Bir parça empati yapabilen herkes engelli olmanın nasıl bir durum olduğunu azda olsa idrak edebilecektir.
Gözünüzü kapatın ve biran bedensel engelli olsaydınız neleri yapamayacağınızı bir düşünün.
Tekerlekli sandalye ile yaşamını sürdürmek zorunda olan birisiyseniz boyu 10-15 cm olan kaldırımları çıkamaz, belediye otobüslerini rahatça kullanamaz, istediği her lokantaya, devlet dairesine rahatlıkla ulaşamazdınız. Sağlam bir insanın bile çıkamayacağı diklikteki rampalardan çıkabilme ve inebilme gücünüz olamazdı.
Her gün belli bir güzergahta gidip gelen görme engelli biriyseniz, kullandığınız yolun çukur olduğunu bilemeyecek, esnafın kaldırıma mal koyması yada işportacıların tezgah açması yüzünden sıkıntı yaşayacaktınız.
Şayet anlayışlı, inançlı ve idealist bir aileden geliyorsanız bile en başta çevredekiler tarafından okuma çabalarınızın beyhude bir uğraş olduğuna ikna edilmeye çalışılacaktınız.

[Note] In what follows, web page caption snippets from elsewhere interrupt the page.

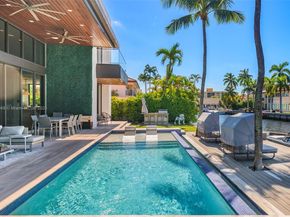 16470 NE 30th Ave, North Miami Beach FL 33160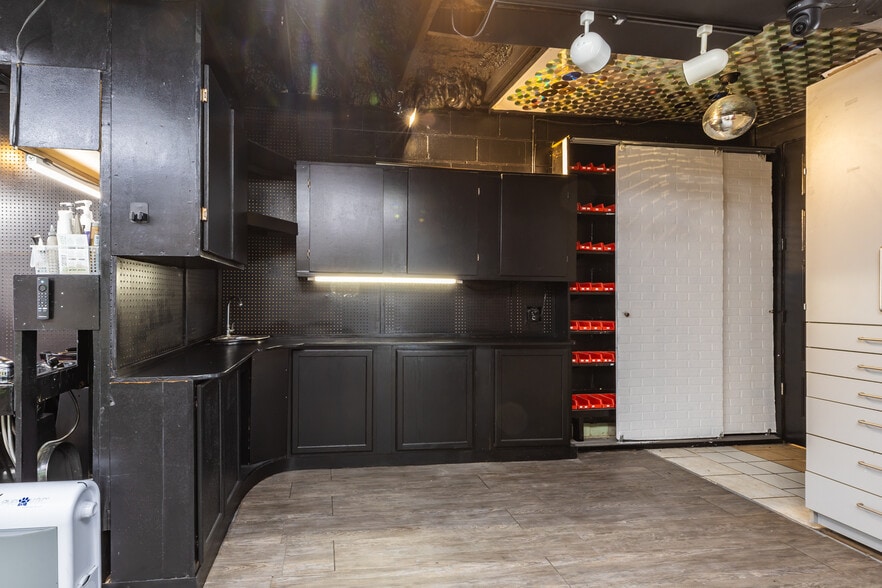 More Photos Of 811 Savannah Hwy, Charleston General Retail For Sale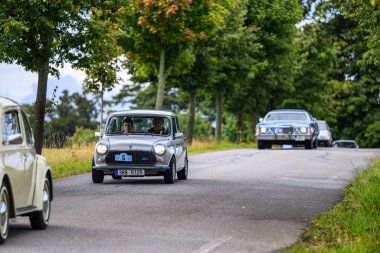 Orlicke hory, Çek Cumhuriyeti - 6 Eylül 2025: Çek otoyolu üzerinde seyahat eden klasik araba ve motosikletler. Klasik araba buluşması..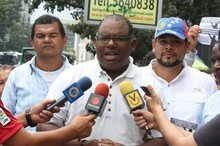 Abraham Blandín: Vecinos de Sucre denuncian campaña sucia co...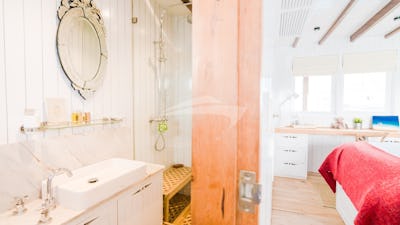 Bathroom twin cabin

Halbuki bireyin en temel hakkı olan eğitim ve öğretimden yoksun bırakılması ona yapılabilecek en büyük zulümlerden birisidir.
Daha bir çok örneği sıralamak mümkün.
Eksiklikleri, yanlışları vurgulamak kadar neler yapılabileceğinin üzerinde durulmalı.
İlk olarak engellilerin daha çok sosyal hayata katılmalarını sağlamalıyız. Onları aramıza almalı, zihinsel özürlülerde dâhil olmak üzere her engellinin bağımsız bir şekilde gezebildiği ve işlerini görebildiği bir toplum düzeni oluşturmalıyız.
Tüm kurum ve işletmelerde, engellilerimiz için iş imkânı sağlamalı, rehabilite merkezleri ve kurslarla çalışmalarını desteklemeliyiz.
Kanunlarla ve sivil toplum kuruluşlarının çalışmalarıyla acımadan, toplumda bir fert gibi algılanmalarını ve yaşamalarını sağlayacak ortamlar oluşturmalıyız.
Bu çalışmaları ve daha fazlasını yalnızca engelli insanlar için değil en başta kendimiz için yapalım.
Çünkü, doğa felaketlerinin, savaşın, şiddetin, akraba evliliklerinin ve dünya ikincisi olarak trafik kazalarının ülkesi Türkiye’de hepimiz nede olsa birer engelli adayıyız.
İnsanların çoğunun doğuştan değil, sonradan ve kazalar sonucunda engelli olduğu gerçeğini her daim hatırlayalım.
En önemlisi de asıl engellerin uzuvlarda değil beyinlerde ve yüreklerde olduğunu bilelim.
Hayırlı İşlerinizde Başarılar Diliyorum.